En 1985, Olivier obtient « miraculeusement » son baccalauréat littéraire, section A1 à l’époque, grâce à ses notes de français. Il aimerait intégrer Hypokhâgne/Khâgne mais son niveau dans les autres matières est insuffisant. Il rentre alors en Faculté d’Histoire mais il n’y reste que quelques semaines car dans les années 80, la Faculté de Bordeaux est “un chemin de Damas” absolument sinistre et il a le profond sentiment qu’il n’a rien à y faire. Il décide alors de partir en Espagne quelque temps mais ne tarde pas à revenir en France pour entamer des études de Lettres… qu’il interrompt au bout d’un an et demi pour partir vivre au Mexique en 1988. Cette expérience sera fondatrice. Olivier la partage d’ailleurs en partie dans son roman « Ceux qui n’avaient pas trouvé place » paru en 2020 chez Grasset. Quand il rentre en France après ce moment particulier de sa vie, nouvelle désillusion : la Faculté de Lettres de Bordeaux ne lui paraît pas à la hauteur de ce qu’il a vécu Outre-Atlantique. Étant toujours très cinéphile, il va souvent dans un cinéma qui n’existe plus : le Centre Jean Vigot, rue Franklin, en plein centre-ville. Les animateurs du centre finissent par bien le connaître et lui proposent un jour de travailler à mi-temps dans le cinéma en parallèle de ses études. Très vite, cet emploi l’intéresse plus que le reste et il choisit de s’y investir à plein temps. Il va y rester trois ans. Durant cette période, il a mis en place un évènement qui a duré une semaine et qui a été décisif dans sa vie « Les Écrivains font leur cinéma » :
Les débuts d’Olivier dans le monde littéraire à Paris, plusieurs rencontres et moments déclencheurs et beaucoup de portes qui s’ouvrent.
Olivier part ensuite vivre à Paris et trouve rapidement un travail à la Maison des Écrivains, organisme relié au Centre National des Lettres qui s’occupe d’organiser ou de participer à des manifestations littéraires.

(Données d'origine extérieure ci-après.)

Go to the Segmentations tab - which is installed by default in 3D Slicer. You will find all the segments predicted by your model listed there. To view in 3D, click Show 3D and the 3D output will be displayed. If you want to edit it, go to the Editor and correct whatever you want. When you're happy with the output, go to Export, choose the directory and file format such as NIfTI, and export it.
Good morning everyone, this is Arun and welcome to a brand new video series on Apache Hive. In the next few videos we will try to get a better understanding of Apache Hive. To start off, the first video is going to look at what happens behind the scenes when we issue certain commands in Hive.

On lui demande alors de créer une manifestation de littérature latino-américaine pendant le Festival du Film Latino-Américain qui a lieu chaque fin d’été à Biarritz. Pendant trois ans, il fait venir plusieurs grands écrivains comme Gabriel Garcia Marques, Carlos Fuentes, Mario Vargas Llosa. Ce fut une expérience majeure car c’est véritablement comme ça qu’il s’est lancé.

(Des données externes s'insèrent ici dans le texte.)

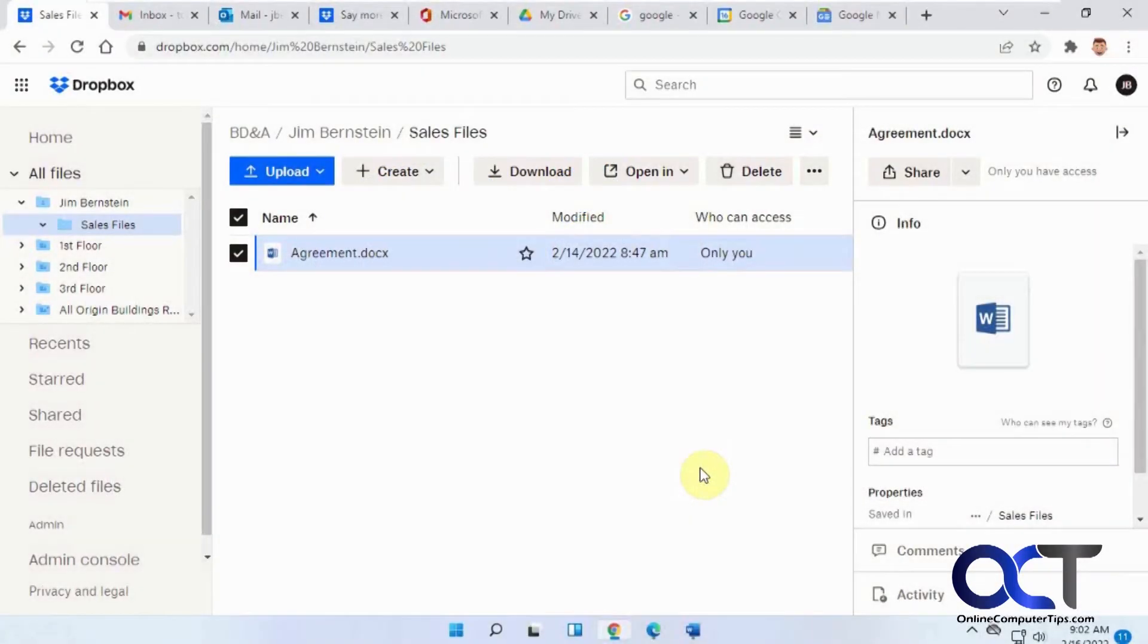Hi, in this video I'm going to show you how to use the Hello eSign feature in Dropbox and what that'll do is it'll allow you to send out documents to be digitally signed by people and then they'll be returned to you.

Quelques années passent et Olivier sent qu’il est temps pour lui de rentrer à Bordeaux et regagne son appartement rue du Jardin Public. Il avait gardé contact avec les gens avec lesquels il s’était lié d’amitié ou avec qui il avait une complicité professionnelle donc il a pu vite trouver des repères. Une opportunité qui changera sa vie ne tarda pas à se présenter :
Puis, en 2007 , Olivier remporte le Prix Hennessy du Journalisme Littéraire, unique prix littéraire décerné à un critique littéraire en France. C’est la première fois qu’un journaliste de presse quotidienne régionale le remporte dès le premier tour et coiffe au poteau des critiques littéraires très connus à l’époque. Le milieu se demandait d’où sortait ce type de Bordeaux ! Un fait d’arme supplémentaire qui lui ouvre beaucoup de portes.
Aujourd’hui, Olivier Mony travaille pour le journal « Sud-Ouest » en tant que Critique Littéraire depuis plus de 25 ans. Il coordonne les pages “Livres” dans l’édition du Dimanche. Depuis 2007, il travaille pour « Livre-Hebdo » qui est le journal des professionnels du monde du livre où il y a une section critiques et depuis peu, il collabore à un nouveau journal « La Tribune Dimanche » créé par les anciens du JDD.
Pour lui, cette combinaison de medias est très intéressante car ces journaux sont de nature différente : un titre de presse quotidienne régionale, un titre de presse professionnelle et un générique de presse nationale.
Il écrit également pour le Journal Municipal de La Ville de Talence qui lui permet de garder les pieds dans une forme de réel quotidien et de gagner sa vie car il ne pourrait pas vivre de son écriture, sinon.
“Je suis du quartier Saint-Seurin peut-être plus que de Bordeaux”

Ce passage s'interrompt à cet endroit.